The rules are aimed at weaning the United States off dependence on China for EV battery supply chains and are part of President Joe Biden's effort to make 50% of U.S. new vehicle sales by 2030 EVs or PHEVs.
Hyundai said in a statement it was committed to its long-range EV plans and that it "will utilize key provisions in the Inflation Reduction Act to accelerate the transition to electrification."
Rivian declined to comment and the other automakers could not immediately be reached for comment.
Treasury also disclosed General Motors electric Chevrolet Bolt and Bolt EUV will qualify for the full $7,500 tax credit.
GM said earlier it expected at least some of its EVS would qualify for the $7,500 tax credit under the new rules, including the 2023 Cadillac Lyriq and forthcoming Chevrolet Equinox EV SUV and Blazer EV SUV. Treasury said all GM EVs will qualify.

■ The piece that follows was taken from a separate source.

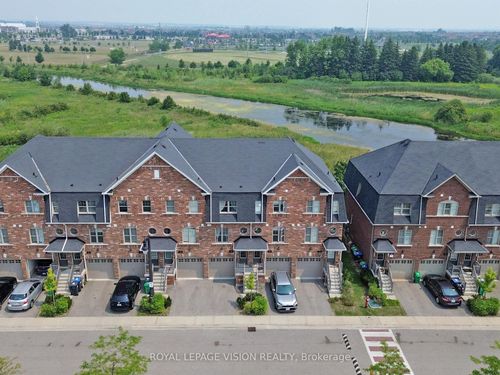 28 Soldier St, Brampton, ON, L7A4B6 | Card Image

Earlier, Ford Motor and Chrysler-parent Stellantis said most of their electric and PHEV models would see tax credits halved to $3,750 on April 18. Treasury confirmed the automakers' calculations.
The rules were announced last month and mandated by Congress in August as part of the $430 billion Inflation Reduction Act (IRA).
The IRA requires 50% of the value of battery components be produced or assembled in North America to qualify for $3,750, and 40% of the value of critical minerals sourced from the United States or a free trade partner for a $3,750 credit.
The law required vehicles to be assembled in North America to qualify for any tax credits, which in August eliminated nearly 70% of eligible models and on Jan. 1 new price caps and limits on buyers income took effect.
Last week, the Environmental Protection Agency proposed new emissions rules that forecast 60% of new vehicle sales in 2030 would be EVs.
A preliminary administration analysis found nearly 65% of first quarter EV sales qualified under North American final assembly and price cap requirements; more than 90% of those previously eligible first quarter sales remain eligible for at least a $3,750 credit.
Treasury in December said EVs ineligible for the $7,500 consumer tax credit could qualify for a commercial leasing $7,500 credit.